MATERIAL TO PROCESS –

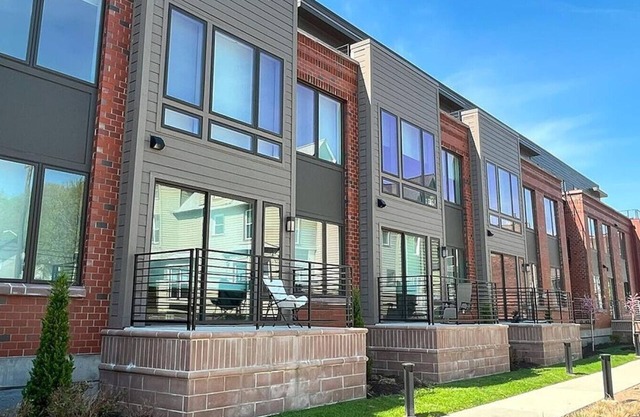 Landing at Baricelli - 1 Bedroom in University Circle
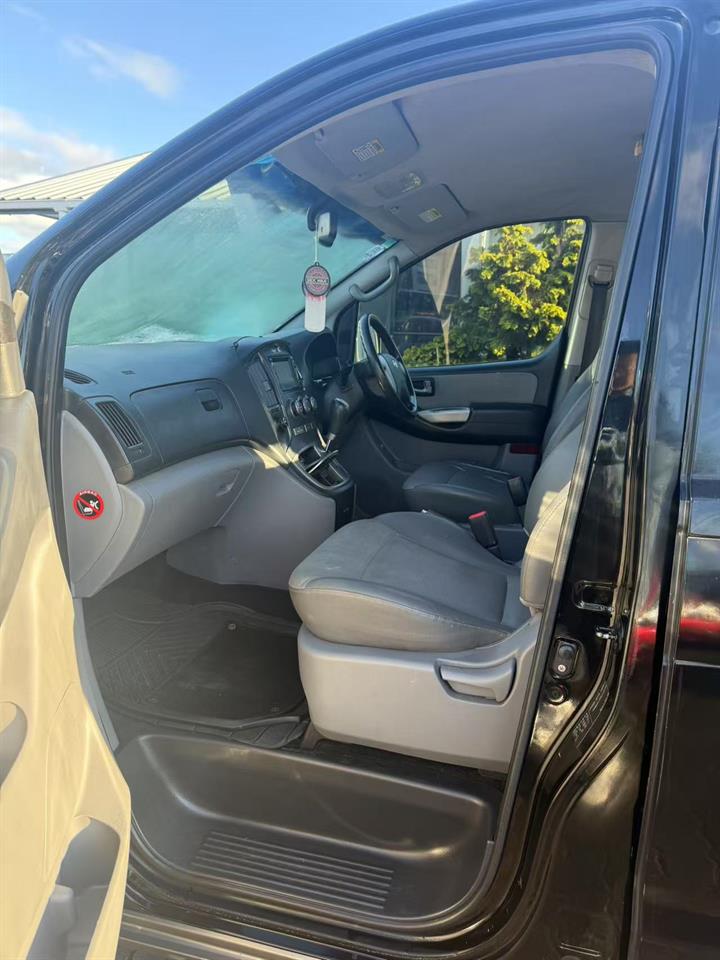 2009 Hyundai H1 Van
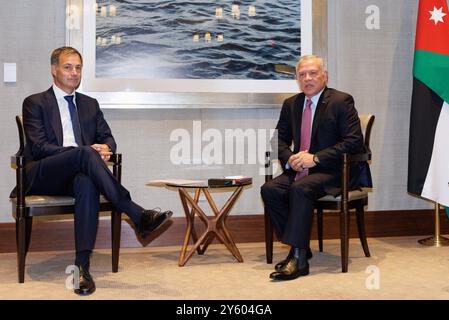 New York, USA. September 2024. Der scheidende Premierminister Alexander de Croo und der jordanische König Abdullah II. Wurden während eines bilateralen Treffens zwischen dem belgischen Premierminister und dem König von Jordanien am Montag, den 23. September 2024, am rande der 79. Tagung der Generalversammlung der Vereinten Nationen (UNGA79) in New York City, Vereinigte Staaten von Amerika, dargestellt. BELGA FOTO BENOIT DOPPAGNE Credit: Belga News Agency/Alamy Live News Stockfoto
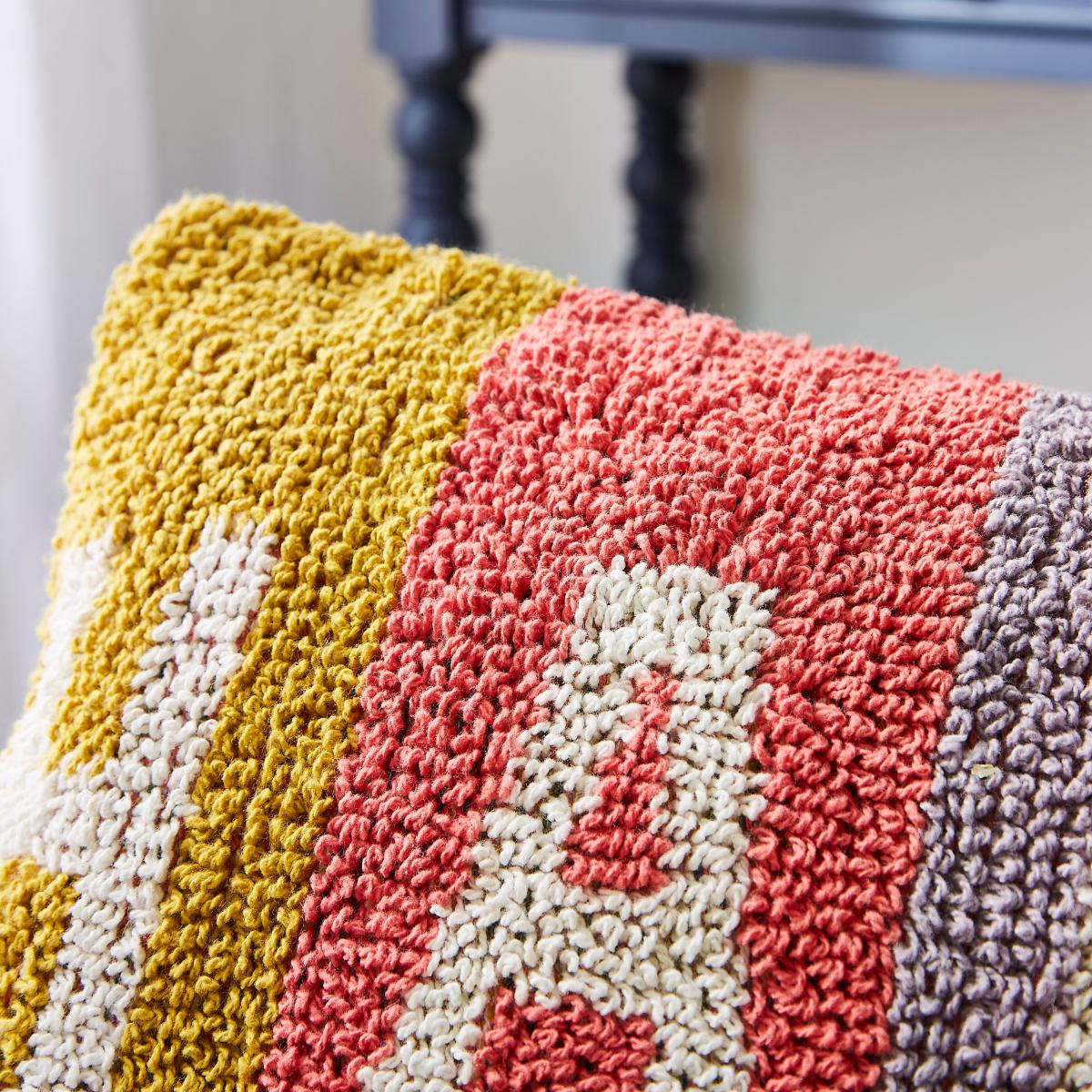 Circular Knit Happy Cushion MultiColoured – image 6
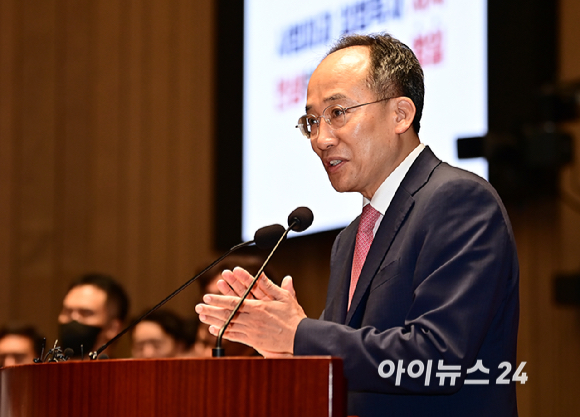 추경호 국민의힘 원내대표가 25일 오전 서울 여의도 국회에서 열린 의원총회에서 발언하고 있다. [사진=곽영래 기자]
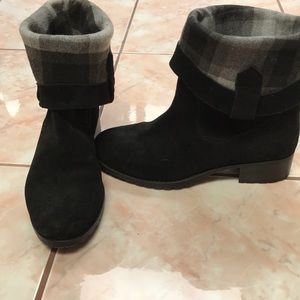 Charles by Charles David Black Suede/Plaid boots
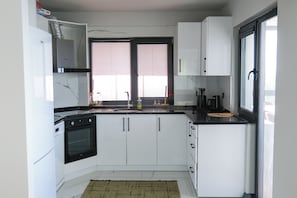 Luxury Villa, Lake View | Private kitchen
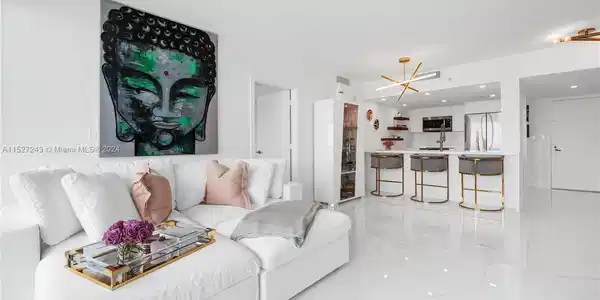 1800 N Bayshore Dr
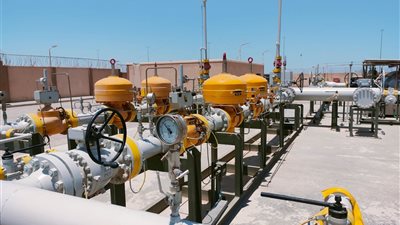 وزارة البترول تتلقى بلاغًا بحدوث كسر في أحد خطوط الغاز الطبيعي بمنطقة بير أم سلطان 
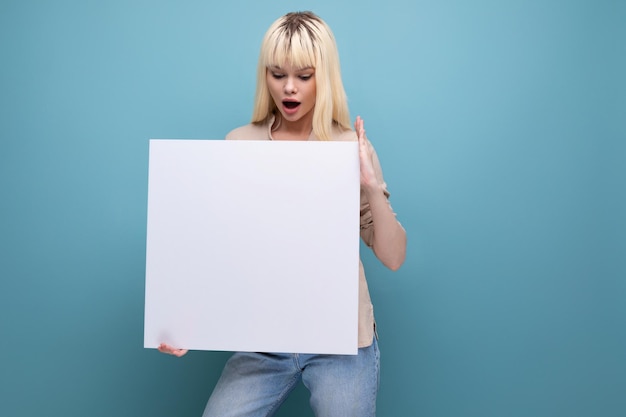 Retrato de mulher loira surpresa com pacote de cartaz de papel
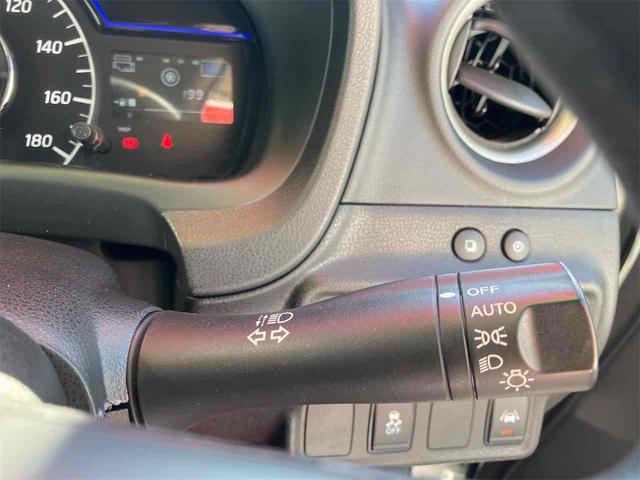 ノート ｅ－パワー　Ｘ　Ｖセレクション　全周囲カメラ　ナビ　ＴＶ　クリアランスソナー　レーンアシスト　衝突被害軽減システム　アルミホイール　オートライト　ＬＥＤヘッドランプ　スマートキー　電動格納ミラー　ＣＶＴ　盗難防止システム（9枚目）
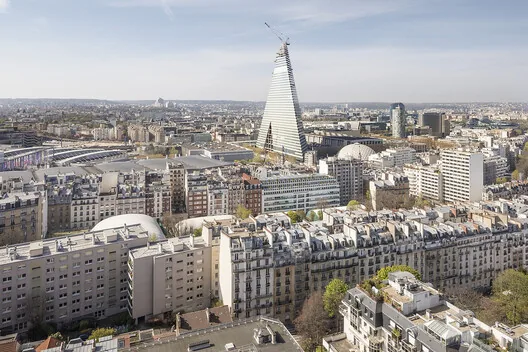 Herzog & de Meuron’un Paris’teki Üçgen Kulesi Tamamlanıyor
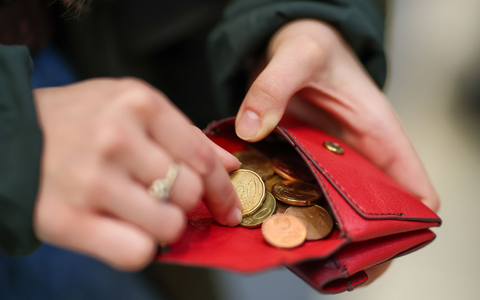 Der deutsche Staat hat im vergangenen Jahr mehr Geld für Sozialhilfe ausgegeben. (Symbolbild) - Foto: Jan Woitas/dpa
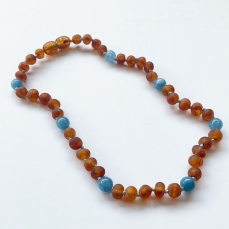 Collana di ambra (non lucidata) per bambini con pietre di acquamarina - 32 cm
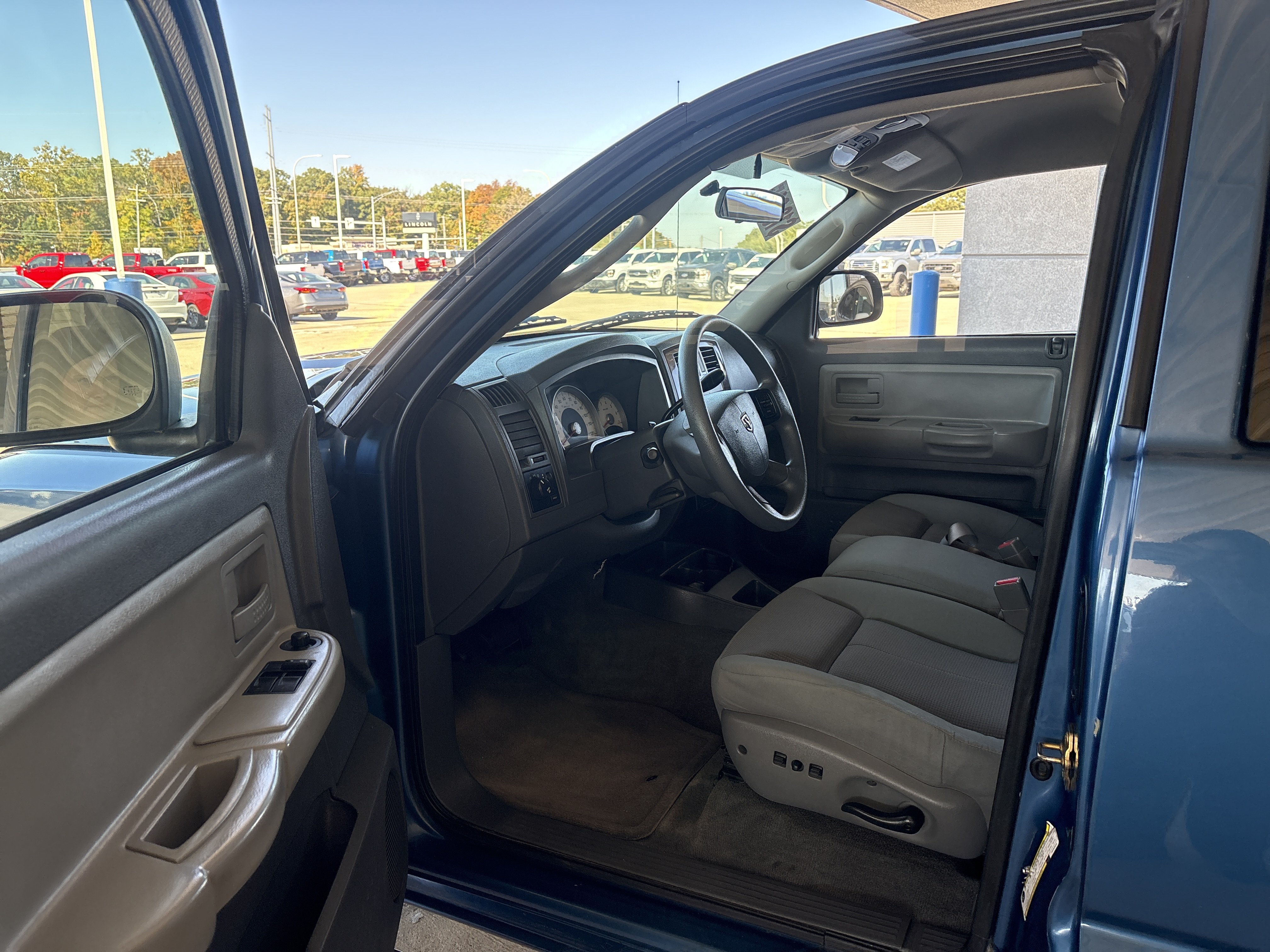 Used 2005 Dodge Dakota SLT AWD/4WD image 9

TASK INSTRUCTIONS –
Pictures included in the data should be dropped; everything else must be repeated exactly.

RESPONSE AREA –
 Landing at Baricelli - 1 Bedroom in University Circle
 2009 Hyundai H1 Van
 New York, USA. September 2024. Der scheidende Premierminister Alexander de Croo und der jordanische König Abdullah II. Wurden während eines bilateralen Treffens zwischen dem belgischen Premierminister und dem König von Jordanien am Montag, den 23. September 2024, am rande der 79. Tagung der Generalversammlung der Vereinten Nationen (UNGA79) in New York City, Vereinigte Staaten von Amerika, dargestellt. BELGA FOTO BENOIT DOPPAGNE Credit: Belga News Agency/Alamy Live News Stockfoto
 Circular Knit Happy Cushion MultiColoured – image 6
 추경호 국민의힘 원내대표가 25일 오전 서울 여의도 국회에서 열린 의원총회에서 발언하고 있다. [사진=곽영래 기자]
 Charles by Charles David Black Suede/Plaid boots
 Luxury Villa, Lake View | Private kitchen
 1800 N Bayshore Dr
 وزارة البترول تتلقى بلاغًا بحدوث كسر في أحد خطوط الغاز الطبيعي بمنطقة بير أم سلطان 
 Retrato de mulher loira surpresa com pacote de cartaz de papel
 ノート ｅ－パワー　Ｘ　Ｖセレクション　全周囲カメラ　ナビ　ＴＶ　クリアランスソナー　レーンアシスト　衝突被害軽減システム　アルミホイール　オートライト　ＬＥＤヘッドランプ　スマートキー　電動格納ミラー　ＣＶＴ　盗難防止システム（9枚目）
 Herzog & de Meuron’un Paris’teki Üçgen Kulesi Tamamlanıyor
 Der deutsche Staat hat im vergangenen Jahr mehr Geld für Sozialhilfe ausgegeben. (Symbolbild) - Foto: Jan Woitas/dpa
 Collana di ambra (non lucidata) per bambini con pietre di acquamarina - 32 cm
 Used 2005 Dodge Dakota SLT AWD/4WD image 9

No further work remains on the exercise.